Jean-François Conny de la Fay achète, également en 1803, le château de Villard à Villeneuve-sur-Allier. Il semble alors délaisser sa résidence moulinoise, apparemment partiellement louée pendant une partie de l’Empire, mais il possède encore son adresse à l’hôtel à la fin de l’Empire, et meurt en novembre 1817.

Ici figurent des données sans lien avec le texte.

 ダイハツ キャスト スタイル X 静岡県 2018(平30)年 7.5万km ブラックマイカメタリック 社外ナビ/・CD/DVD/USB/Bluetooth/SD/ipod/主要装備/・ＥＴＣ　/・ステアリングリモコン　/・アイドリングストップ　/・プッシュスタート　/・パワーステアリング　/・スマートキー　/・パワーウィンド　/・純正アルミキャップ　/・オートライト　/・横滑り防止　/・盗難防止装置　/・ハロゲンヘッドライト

À compter de l’époque où Jean-François réside à Villars, l’hôtel de la rue de Bourgogne est habité par son fils aîné Jean-Baptiste, ancien élève de l’Ecole polytechnique, ainsi qu’en témoigne une lettre de son fils benjamin Félix, adressée de Nîmes en 1807 à « Monsieur / Monsieur de Conny de la Fay fils, ancien officier d’artillerie, rue de Bourgogne à Moulins, département de l’Allier ». Mais Jean-Baptiste ne supporte pas la mort de leur frère puiné, Jean-Louis Eléonore dit La Tour, des suites de ses blessures à la bataille des Arapiles en juillet 1812. Mis sous tutelle, il vivra désormais à Paris.

 

Félix de Conny, (ill.) le benjamin, ne semble pas avoir résidé dans l’hôtel après cette date. Il vit au château de La Toule, à Saint-Félix (Allier), poursuit une carrière administrative comme sous-préfet de Lapalisse, puis entre en politique. Élu député et siégeant parmi les ultra-royalistes dans la dernière législature du règne de Charles X, ami de Chateaubriand, il est l’un des principaux financeurs de la presse légitimiste sous la Monarchie de Juillet. Il aura quatre fils : Ernest, avocat promis à une carrière brillante, mort à vingt-six ans, défenseur de la duchesse de Berry ; Léopold ; Adrien ; et Julien-Édouard, sculpteur estimable, élève d’Étex, intime de Corot et de Rossini.